Carnevale - Carnival in Italy
Carnevale, Italian for carnival, is one of the most popular festivals in Italy. Carnevale comes 40 days before Easter so the date changes each year (and festivals can sometimes start in January). See carnevale dates by year. The biggest Carnevale celebrations last for several weeks. Although Venice and Viareggio have the most well-known celebrations, Carnevale is celebrated all over Italy in a variety of ways. Some of the more unusual Carnevale celebrations are the orange-throwing battle in Ivrea, Albanian celebrations in Calabria, and a Roman carnival in the Aosta Valley. Read about more Carnevale celebrations:
- Introduction to Carnevale
- Carnevale celebrations in Venice, Viareggio, and elsewhere in Italy
- Ivrea Carnival and orange battle
- Pictures of Ivrea Carnevale
- Carnevale in Sardinia
Saint Agatha's Feast Day - Catania, Sicily
Saint Agatha, a martyr who died in 252 at age 15, is the patron saint of Catania, Sicily, and an exciting festival is held in her honor in Catania. The 2-day procession, said to be the second largest religious procession in the world, begins February 4. Following a mass at dawn, the statue of St. Agatha that houses her relics is placed on a fercolo, a 40,000 pound silver carriage, that will be pulled up Monte Sangiuliano by 5,000 men. The huge festival lasts for two days and two nights and as with most Italian festivals, there is also plenty of eating and drinking and a huge fireworks display at the end.

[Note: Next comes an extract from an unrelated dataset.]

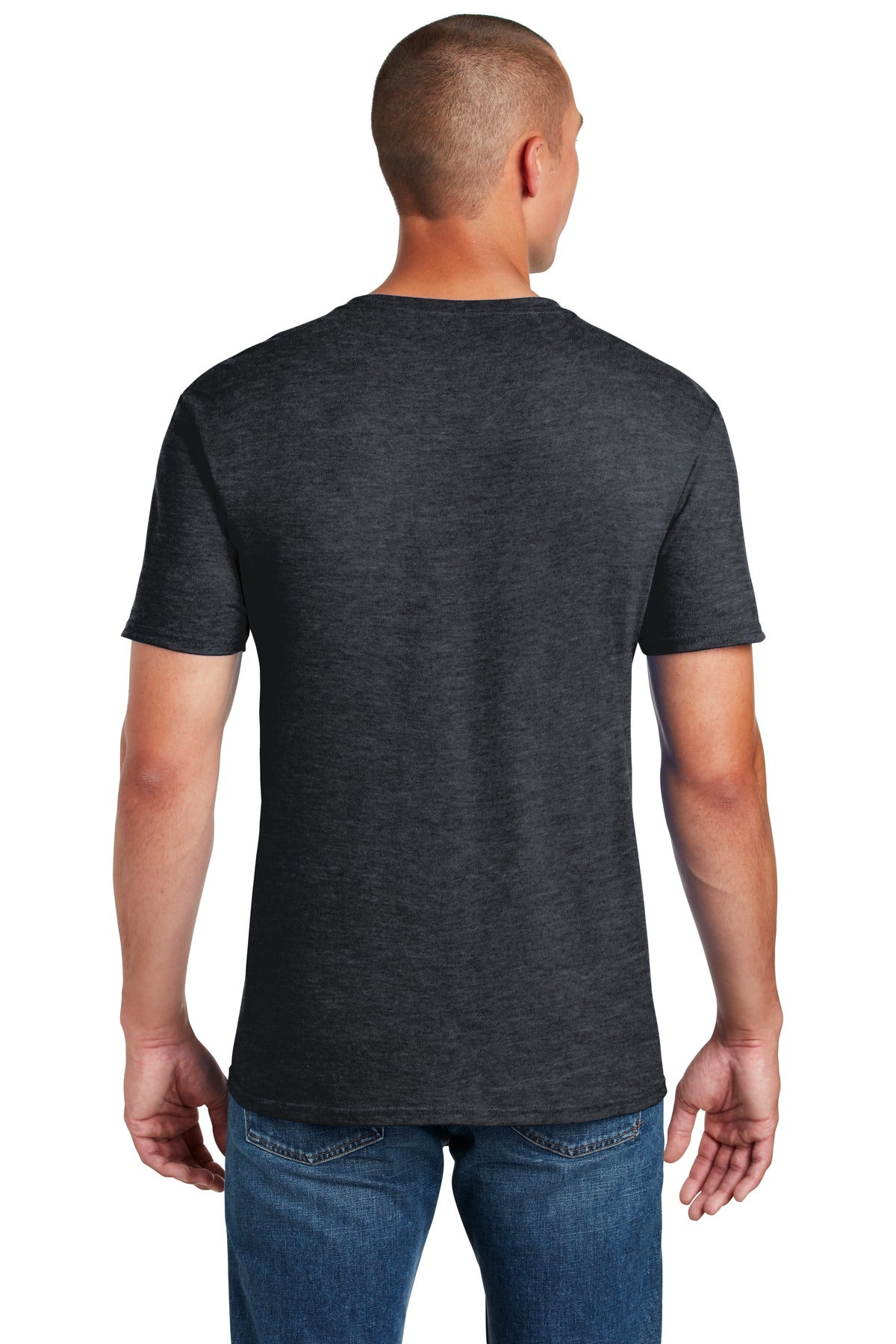 Gildan Softstyle® T-Shirt. 64000 [Dark Heather] - DFW Impression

Theresa Maggio gives a lively description of the Festival of St. Agatha in her very interesting book, The Stone Boudoir: Travels through the Hidden Villages of Sicily. (compare prices).
More February Festivals in Italy
Saint Biago Day, February 3, is a minor celebration all over Italy. Saint Biago is the saint of the throat. It's tradition to eat leftover panettone with a glass of wine to bless your throat. In some places, Saint Biago Day is celebrated with parades, music, a special mass, or bonfires. In Mugnano di Napoli, near Naples, there's a huge fireworks display as its the home of one of the biggest fireworks companies in Italy.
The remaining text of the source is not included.